I'm also looking at parsing C/C++ using clang into the same format, with the goal of providing a unified index for symbol lookup (as much as is possible).

In practice, it seems to me that an AST is (almost) always tied to some kind of source "location". I know there are cases where an AST is completely detached from actual code, but that is not, in my experience, the most common use case.

Have you considered whether it would make sense to expose a generic Location abstraction in the AST gem, that would cover multiple use cases?
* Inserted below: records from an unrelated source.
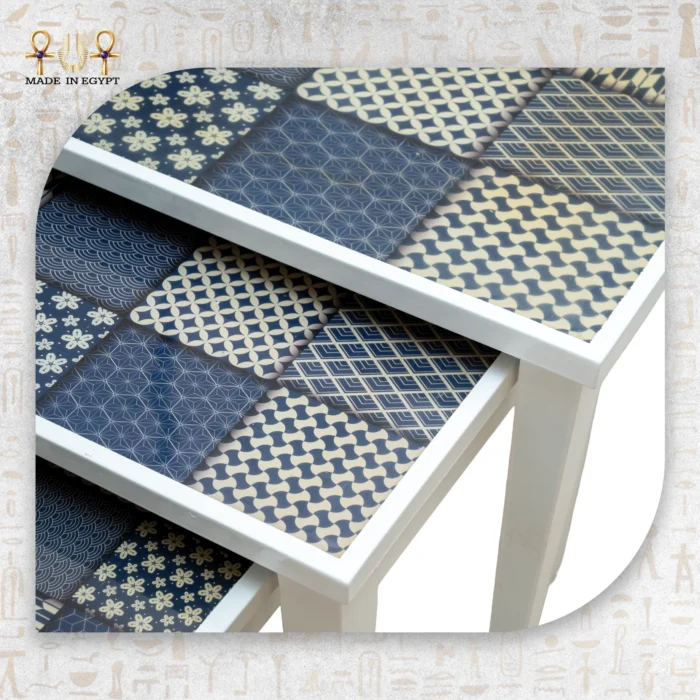 ⁦Geometric Pattern Nesting Tables Set⁩ - الصورة ⁦4⁩
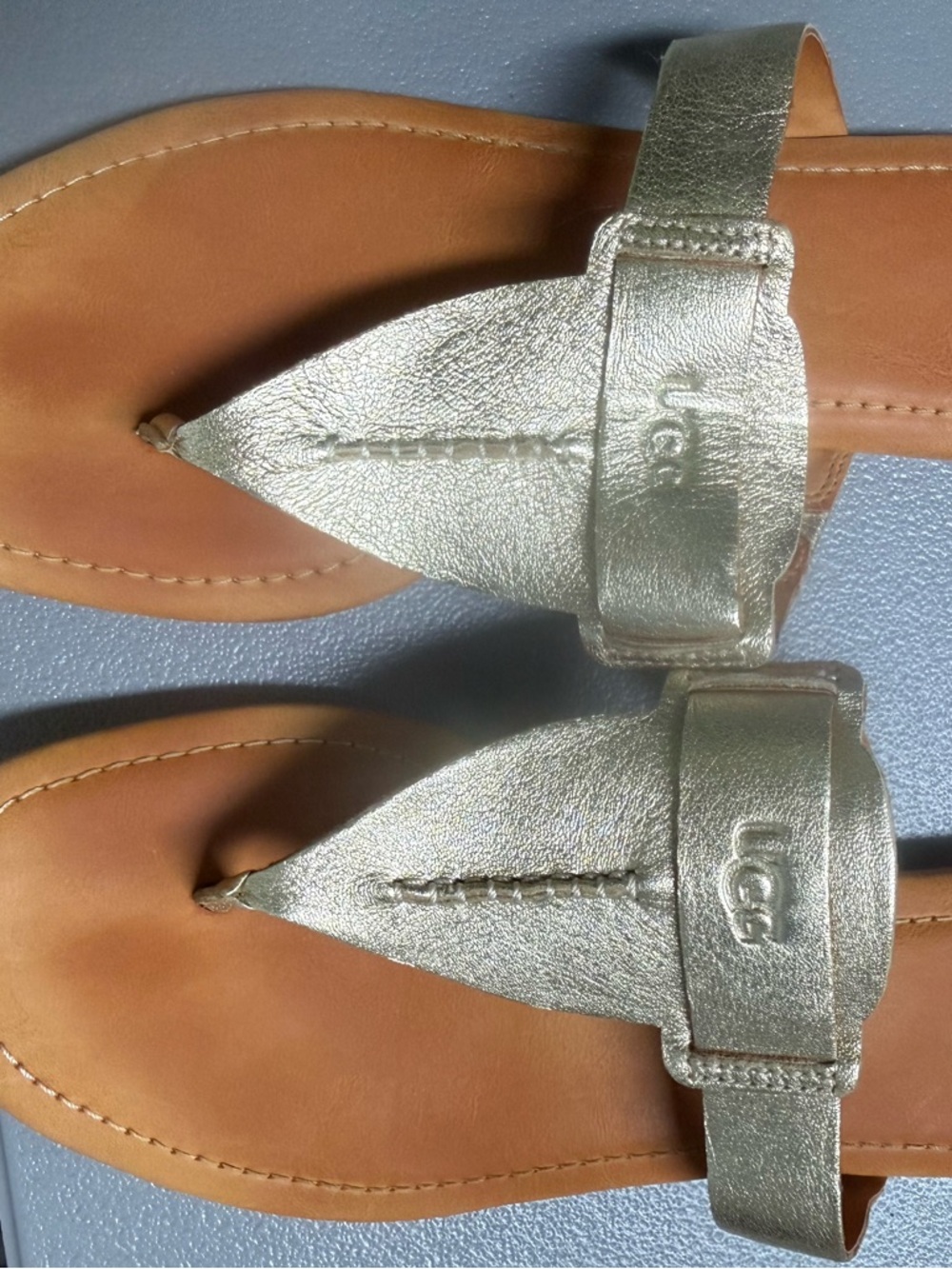 UGG Metallic Gold Leather Thong Sandals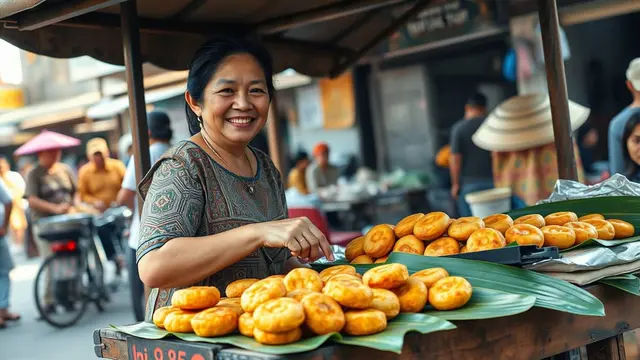 Ilustrasi Penjual Pisang Goreng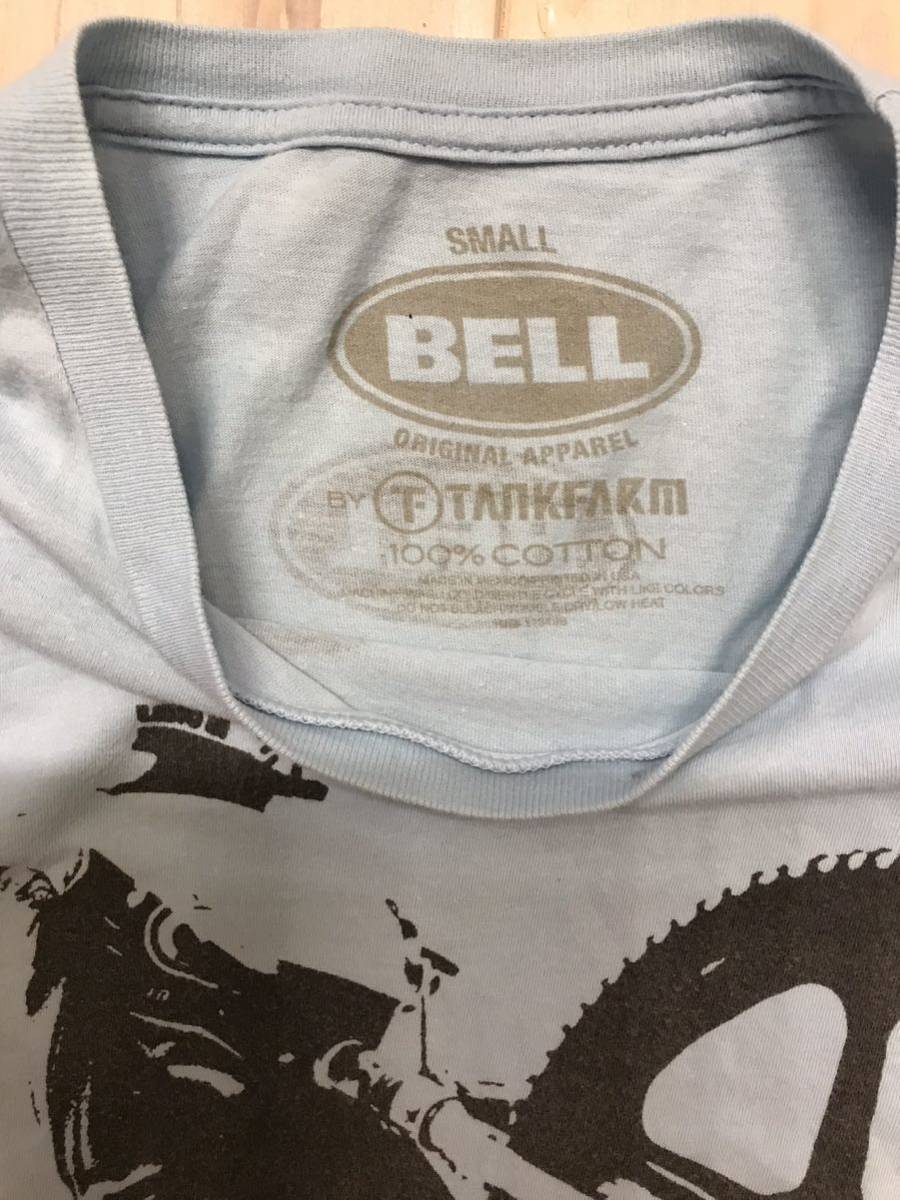 BELL ベル　ビンテージ Tシャツ モトクロスプリント　BELLヘルメット　サイズS スカイブルー　ユーズド　古着_画像8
In more concrete terms, making an interface for:

class AST::Node
  attr :location
end

# Introduce:

class AST::Location
  # Generic handling of source code, e.g. getting textual value, etc.
end

When I come to implementing a parser for C++ using the AST gem, I'm either going to have to roll my own location class with the same interface as the parser gem, or, preferably, follow some standard set out by the AST gem. The benefit would make it easier for converting an AST back into source code.

Essentially, what I'm proposing, is whether we can move a very light amount of location interface abstractions into the AST gem, such that parsing other languages could expose a shared interface for accessing location details.

The text was updated successfully, but these errors were encountered:

ioquatix · 2020-05-17T03:06:40Z

In particular node.location.expression.source seems like something that could easily be useful across multiple languages, at least at the interface level.

ioquatix · 2020-05-17T04:04:56Z

Sorry, one other point that might make sense, is if this gem is the canonical source for parsing in Ruby, what about making parser-ruby and parser-clang etc, and using this base gem to share data structures?

iliabylich · 2020-05-18T15:12:38Z

Sorry for a late response.

it seems to me that an AST is (almost) always tied to some kind of source "location"

For me AST node represents the intent of some piece of code. If you want to do some static analysis you can also attach locations to nodes, but it's not necessary. Well, they are required to build backtraces, and so to build let's say an AST interpreter (like old MRI) you need them.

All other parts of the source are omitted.